■ Exercise data:
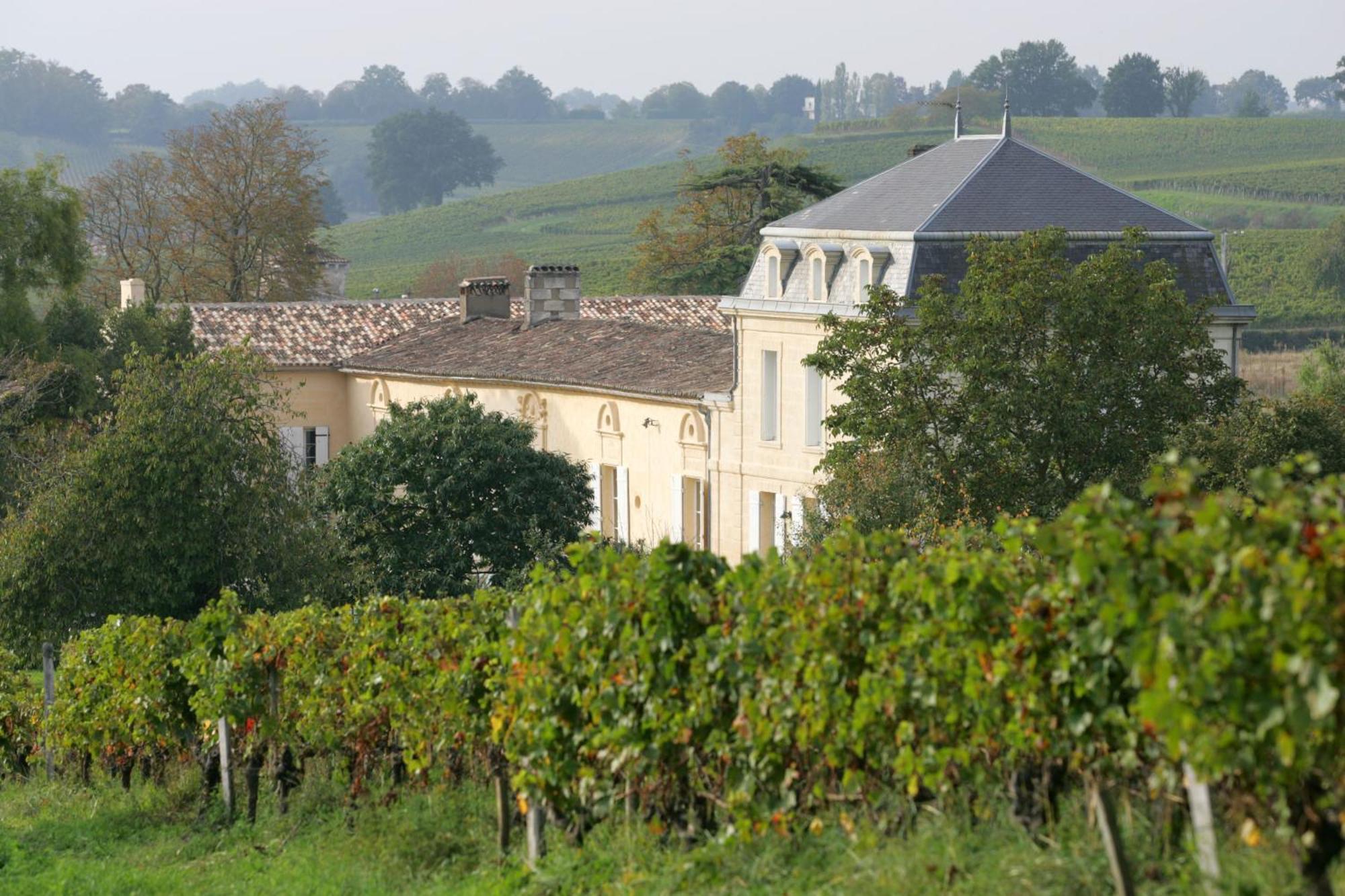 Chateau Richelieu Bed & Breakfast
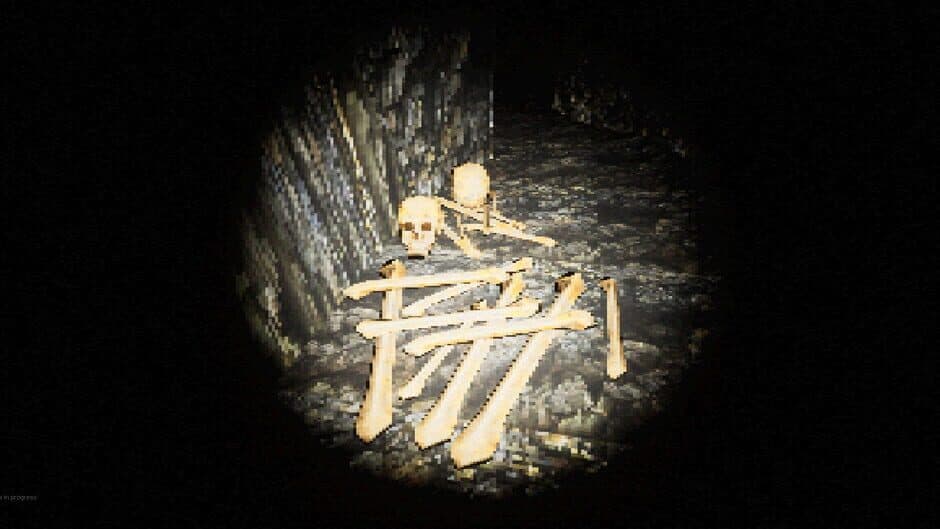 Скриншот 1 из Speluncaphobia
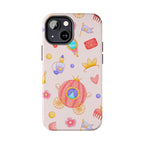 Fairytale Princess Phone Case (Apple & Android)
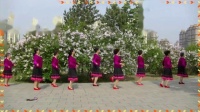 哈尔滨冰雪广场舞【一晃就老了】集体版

...

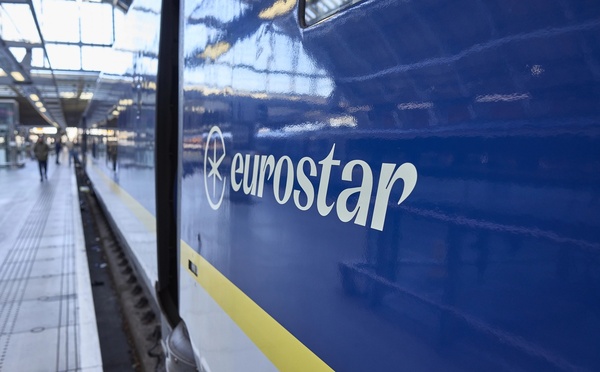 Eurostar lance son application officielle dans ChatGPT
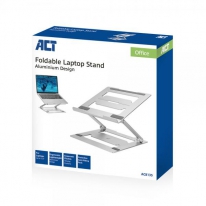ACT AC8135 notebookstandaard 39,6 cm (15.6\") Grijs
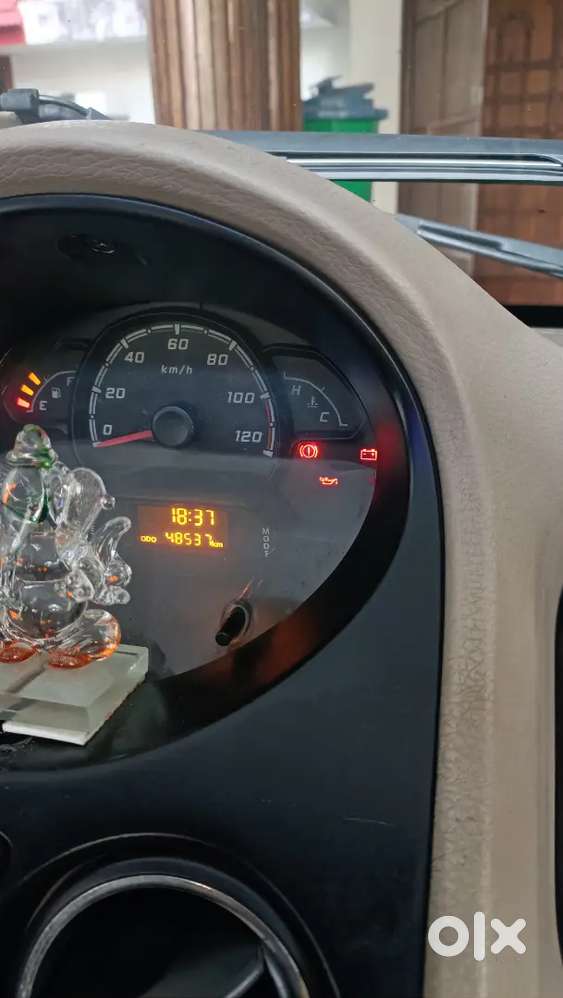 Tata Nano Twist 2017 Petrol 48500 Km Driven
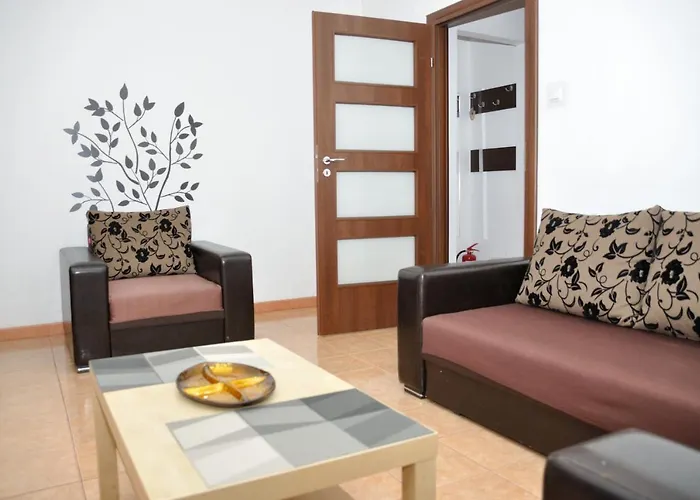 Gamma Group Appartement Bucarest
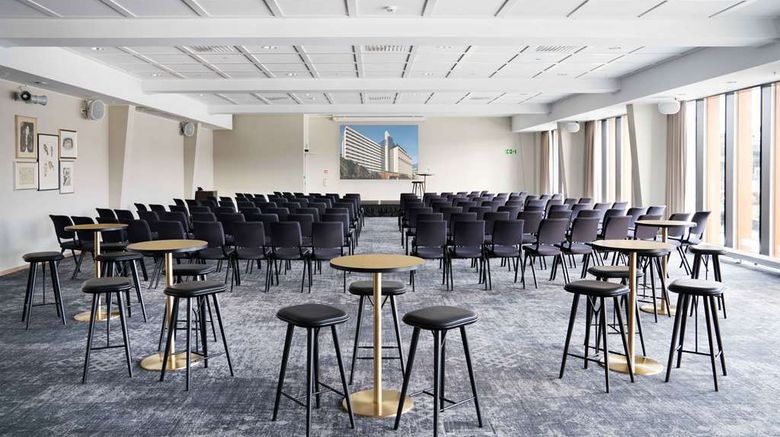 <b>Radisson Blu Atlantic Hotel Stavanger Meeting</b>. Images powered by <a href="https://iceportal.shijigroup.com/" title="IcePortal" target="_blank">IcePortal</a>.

...

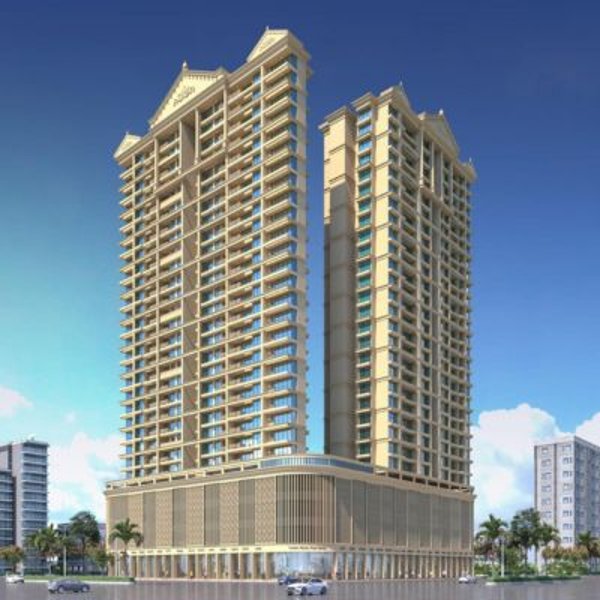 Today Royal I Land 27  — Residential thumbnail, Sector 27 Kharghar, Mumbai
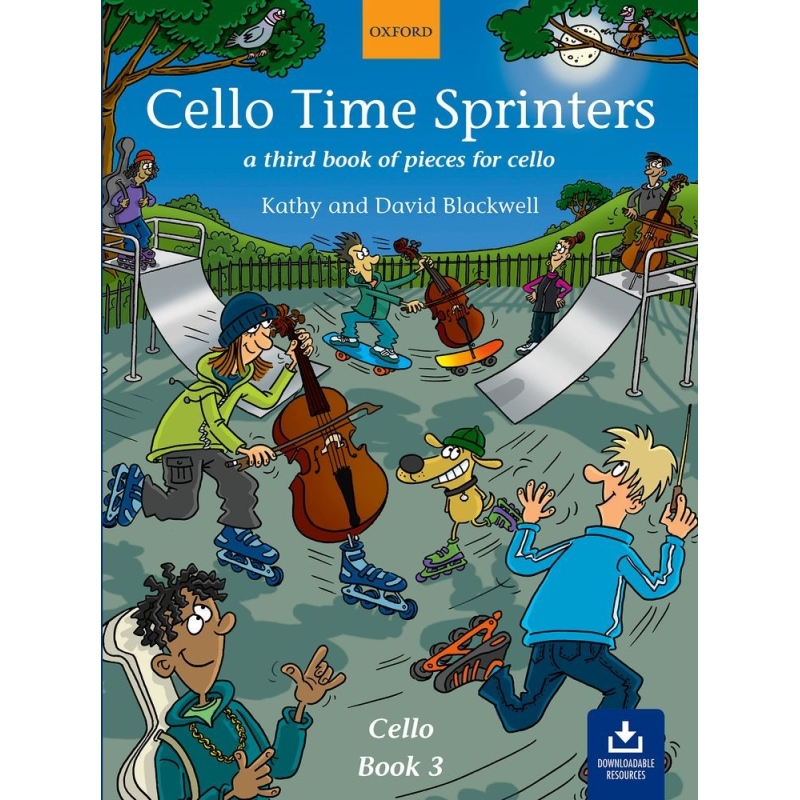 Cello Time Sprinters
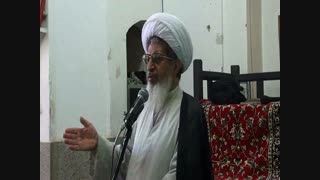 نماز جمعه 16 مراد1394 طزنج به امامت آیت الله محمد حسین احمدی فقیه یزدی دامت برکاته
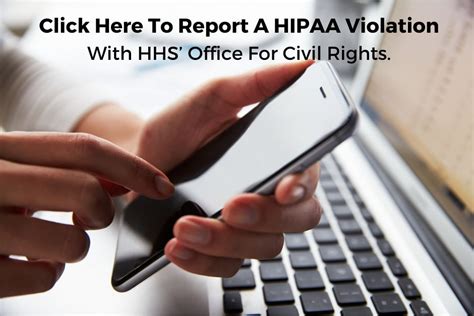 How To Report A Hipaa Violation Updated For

■ Task statement: Every line above from the one with "Cello Time Sprinters" down to the one with "How To Report A Hipaa Violation Updated For" must be written out exactly, and no picture may appear.

■ Your solution:
 Cello Time Sprinters
 نماز جمعه 16 مراد1394 طزنج به امامت آیت الله محمد حسین احمدی فقیه یزدی دامت برکاته
 How To Report A Hipaa Violation Updated For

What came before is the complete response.